--- TASK GOAL ---
Write each line out exactly, from the one containing "Translation missing: es.Multicolor" through the final line of the data, and keep pictures out of the copy.

--- INFORMATION SUPPLIED ---
------------

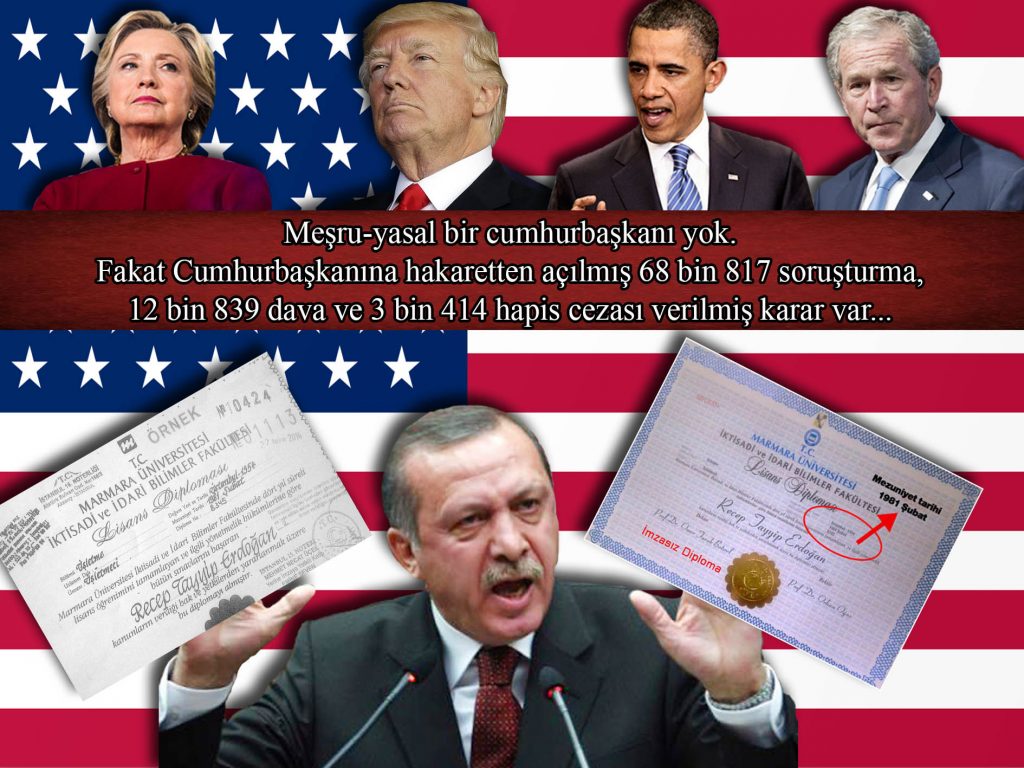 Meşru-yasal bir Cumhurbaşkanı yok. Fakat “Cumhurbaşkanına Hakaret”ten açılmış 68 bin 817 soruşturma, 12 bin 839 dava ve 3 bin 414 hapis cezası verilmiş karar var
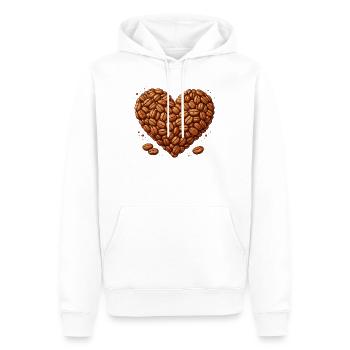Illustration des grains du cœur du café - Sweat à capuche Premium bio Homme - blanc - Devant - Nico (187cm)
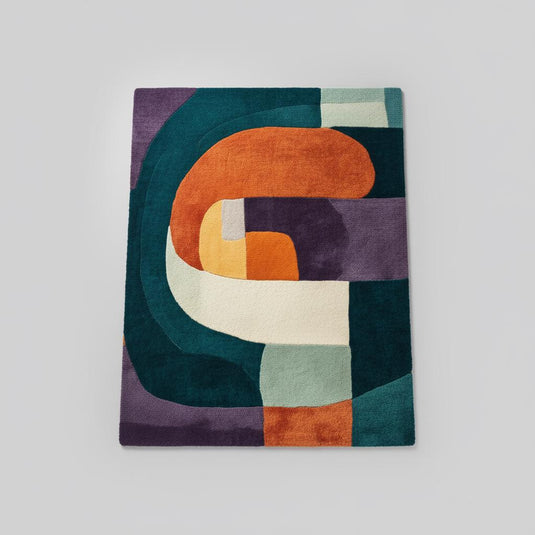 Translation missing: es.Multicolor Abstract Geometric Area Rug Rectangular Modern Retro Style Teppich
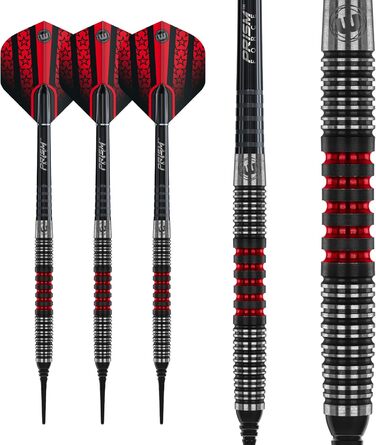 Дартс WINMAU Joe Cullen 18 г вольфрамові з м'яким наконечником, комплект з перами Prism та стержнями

------------

--- REPLY TO THE TASK ---
 Translation missing: es.Multicolor Abstract Geometric Area Rug Rectangular Modern Retro Style Teppich
 Дартс WINMAU Joe Cullen 18 г вольфрамові з м'яким наконечником, комплект з перами Prism та стержнями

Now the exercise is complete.